A research team led by Md Akib Haider has introduced LoRA-MME, a novel multi-model ensemble architecture designed for the complex task of code comment classification across multiple programming languages. Developed for the NLBSE'26 Tool Competition, this approach addresses the multi-label classification challenge for Java, Python, and Pharo by leveraging four distinct transformer encoders: UniXcoder, CodeBERT, GraphCodeBERT, and CodeBERTa. The system employs Parameter-Efficient Fine-Tuning (PEFT) via Low-Rank Adaptation (LoRA), allowing for effective model specialization without the prohibitive memory requirements of full fine-tuning, making advanced code analysis more accessible to researchers and developers.
The technical implementation involves independently fine-tuning each encoder using LoRA, then aggregating their predictions through a learned weighted ensemble strategy to maximize classification performance. This ensemble achieved impressive metrics with a weighted F1 score of 0.7906 and a macro F1 of 0.6867 on the test set, demonstrating strong semantic accuracy. However, the computational overhead of running four models simultaneously resulted in a final competition score of just 41.20%, highlighting the critical trade-off between accuracy and inference efficiency that remains a central challenge in production AI systems. This research provides a valuable framework for future work balancing model performance with practical deployment constraints in software engineering tools.
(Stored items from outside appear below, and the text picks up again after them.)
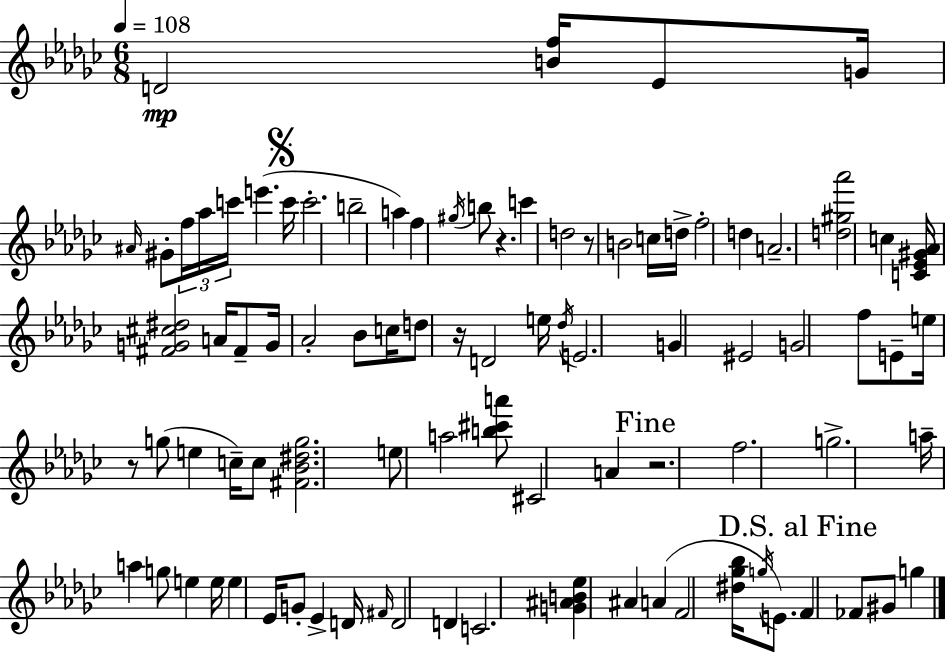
D4/h [B4,F5]/s Eb4/e G4/s A#4/s G#4/e F5/s Ab5/s C6/s E6/q. C6/s C6/h. B5/h A5/q F5/q G#5/s B5/e R/q. C6/q D5/h R/e B4/h C5/s D5/s F5/h D5/q A4/h. [D5,G#5,Ab6]/h C5/q [C4,Eb4,G#4,Ab4]/s [F#4,G4,C#5,D#5]/h A4/s F#4/e G4/s Ab4/h Bb4/e C5/s D5/e R/s D4/h E5/s Db5/s E4/h. G4/q EIS4/h G4/h F5/e E4/e E5/s R/e G5/e E5/q C5/s C5/e [F#4,Bb4,D#5,G5]/h. E5/e A5/h [B5,C#6,A6]/e C#4/h A4/q R/h. F5/h. G5/h. A5/s A5/q G5/e E5/q E5/s E5/q Eb4/s G4/e Eb4/q D4/s F#4/s D4/h D4/q C4/h. [G4,A#4,B4,Eb5]/q A#4/q A4/q F4/h [D#5,Gb5,Bb5]/s G5/s E4/e. F4/q FES4/e G#4/e G5/q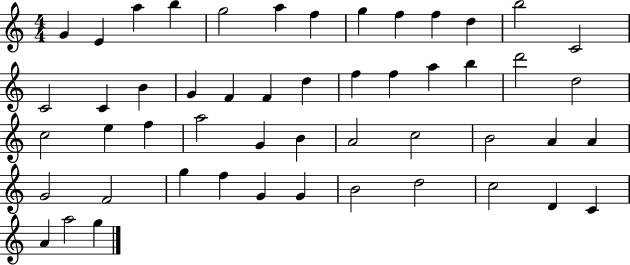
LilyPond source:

{
  \clef treble
  \numericTimeSignature
  \time 4/4
  \key c \major
  g'4 e'4 a''4 b''4 | g''2 a''4 f''4 | g''4 f''4 f''4 d''4 | b''2 c'2 | \break c'2 c'4 b'4 | g'4 f'4 f'4 d''4 | f''4 f''4 a''4 b''4 | d'''2 d''2 | \break c''2 e''4 f''4 | a''2 g'4 b'4 | a'2 c''2 | b'2 a'4 a'4 | \break g'2 f'2 | g''4 f''4 g'4 g'4 | b'2 d''2 | c''2 d'4 c'4 | \break a'4 a''2 g''4 | \bar "|."
}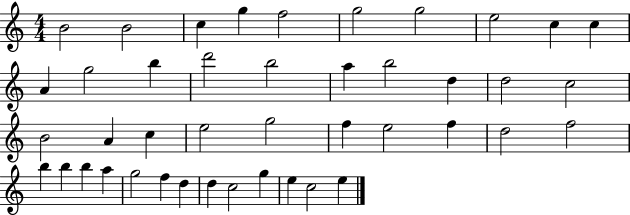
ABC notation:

X:1
T:Untitled
M:4/4
L:1/4
K:C
B2 B2 c g f2 g2 g2 e2 c c A g2 b d'2 b2 a b2 d d2 c2 B2 A c e2 g2 f e2 f d2 f2 b b b a g2 f d d c2 g e c2 e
- Combines four transformer models (UniXcoder, CodeBERT, GraphCodeBERT, CodeBERTa) using LoRA fine-tuning
- Achieved 0.7906 weighted F1 score and 0.6867 macro F1 on multi-language test data
- Highlights accuracy/efficiency trade-off with 41.20% competition score due to computational cost
Why It Matters
Enables automated software documentation analysis across languages while demonstrating practical limits of ensemble AI approaches.